### Source material
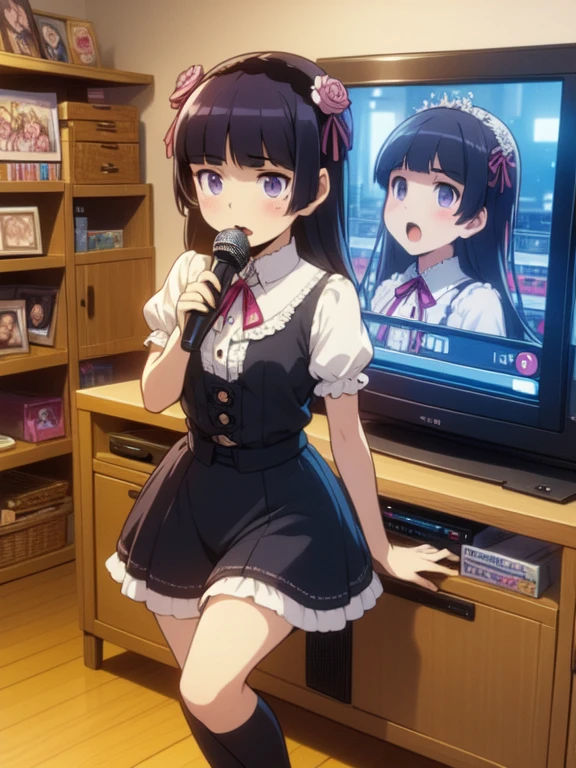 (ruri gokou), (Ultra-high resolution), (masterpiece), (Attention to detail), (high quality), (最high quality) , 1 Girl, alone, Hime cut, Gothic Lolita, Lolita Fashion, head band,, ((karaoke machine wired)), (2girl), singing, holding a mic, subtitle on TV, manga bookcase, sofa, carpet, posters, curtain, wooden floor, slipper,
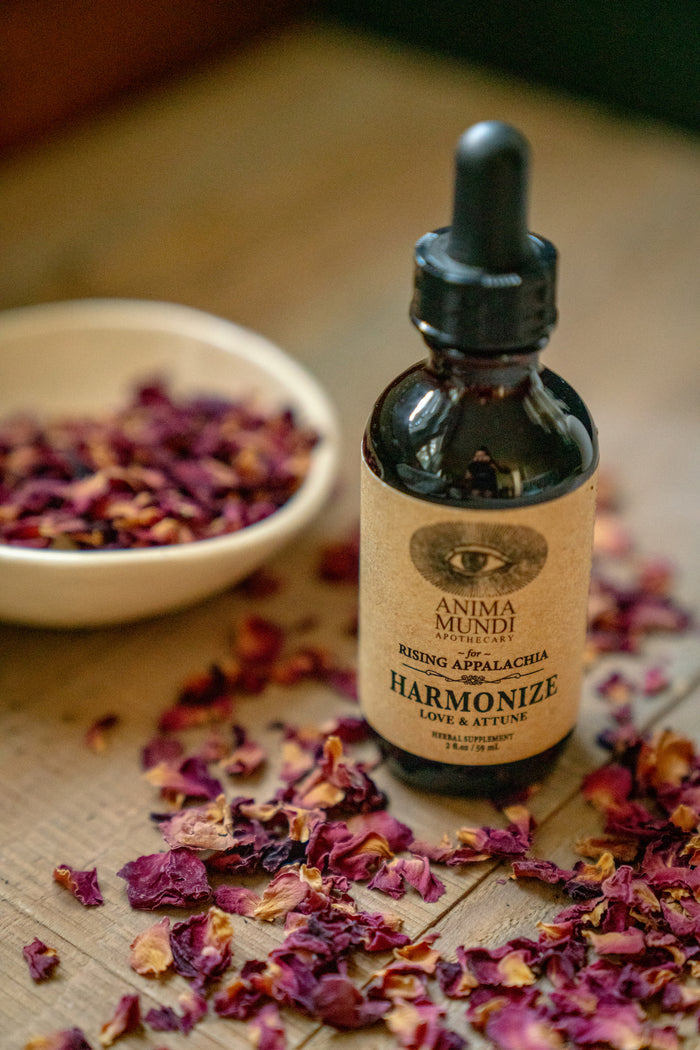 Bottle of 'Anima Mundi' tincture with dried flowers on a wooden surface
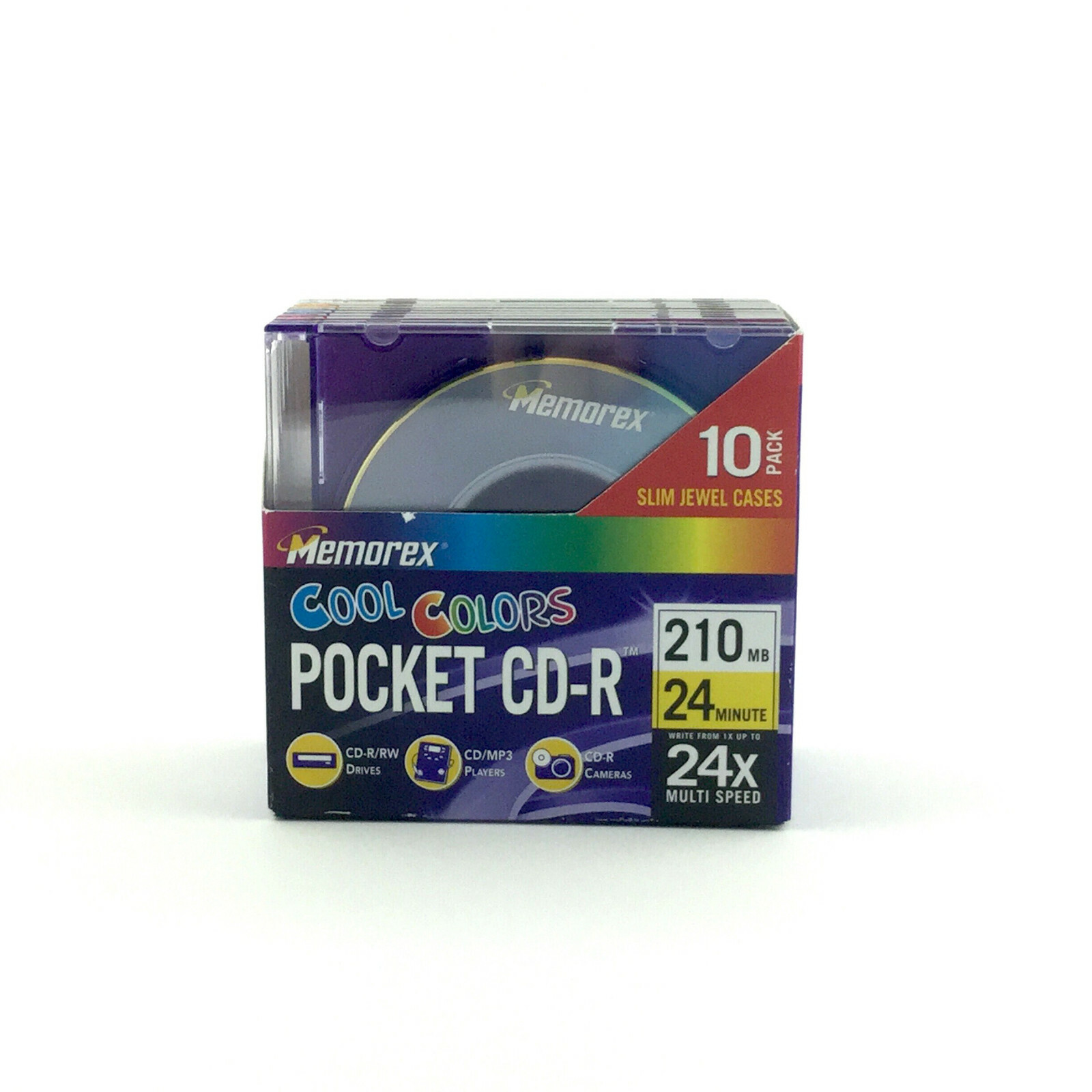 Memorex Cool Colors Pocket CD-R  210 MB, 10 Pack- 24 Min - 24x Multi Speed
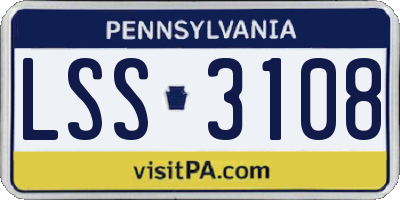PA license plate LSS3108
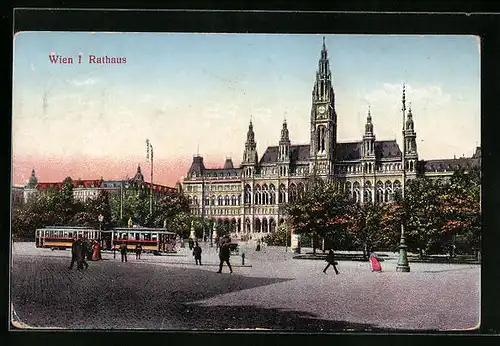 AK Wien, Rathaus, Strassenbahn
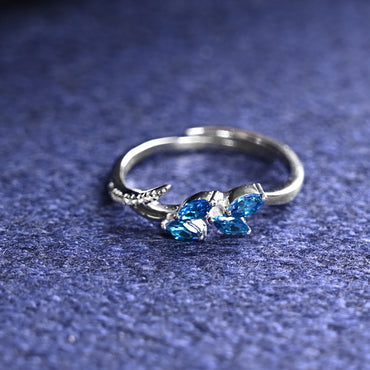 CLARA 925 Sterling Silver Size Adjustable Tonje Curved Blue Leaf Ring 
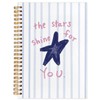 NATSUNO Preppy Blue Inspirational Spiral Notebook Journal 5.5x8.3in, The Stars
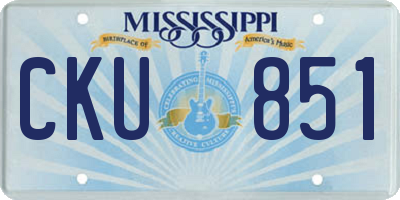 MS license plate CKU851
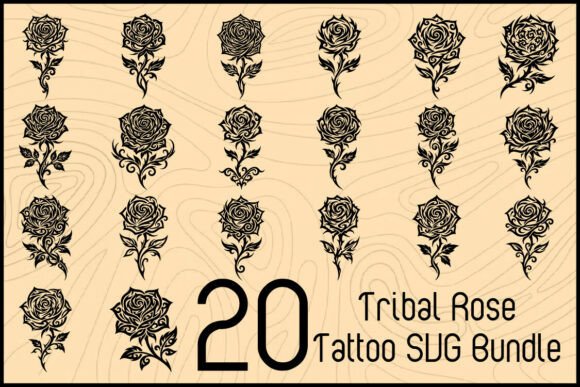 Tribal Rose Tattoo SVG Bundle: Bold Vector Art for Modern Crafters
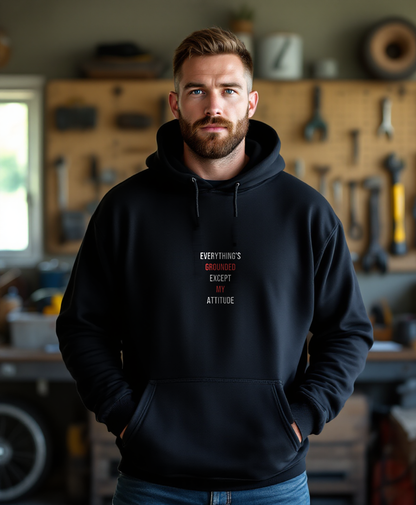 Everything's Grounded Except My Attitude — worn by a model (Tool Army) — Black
==
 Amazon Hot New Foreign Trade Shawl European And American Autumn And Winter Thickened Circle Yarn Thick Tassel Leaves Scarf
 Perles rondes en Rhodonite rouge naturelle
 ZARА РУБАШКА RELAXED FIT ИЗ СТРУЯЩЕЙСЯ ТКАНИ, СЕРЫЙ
* * *
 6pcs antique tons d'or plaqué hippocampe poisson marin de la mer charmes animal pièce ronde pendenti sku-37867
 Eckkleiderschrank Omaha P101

### Your objective
Copy only this part of the entries above: the line with "Amazon Hot New", the line with "ZARА РУБАШКА RELAXED", and the lines between, all exactly as written.

### Task result
 Amazon Hot New Foreign Trade Shawl European And American Autumn And Winter Thickened Circle Yarn Thick Tassel Leaves Scarf
 Perles rondes en Rhodonite rouge naturelle
 ZARА РУБАШКА RELAXED FIT ИЗ СТРУЯЩЕЙСЯ ТКАНИ, СЕРЫЙ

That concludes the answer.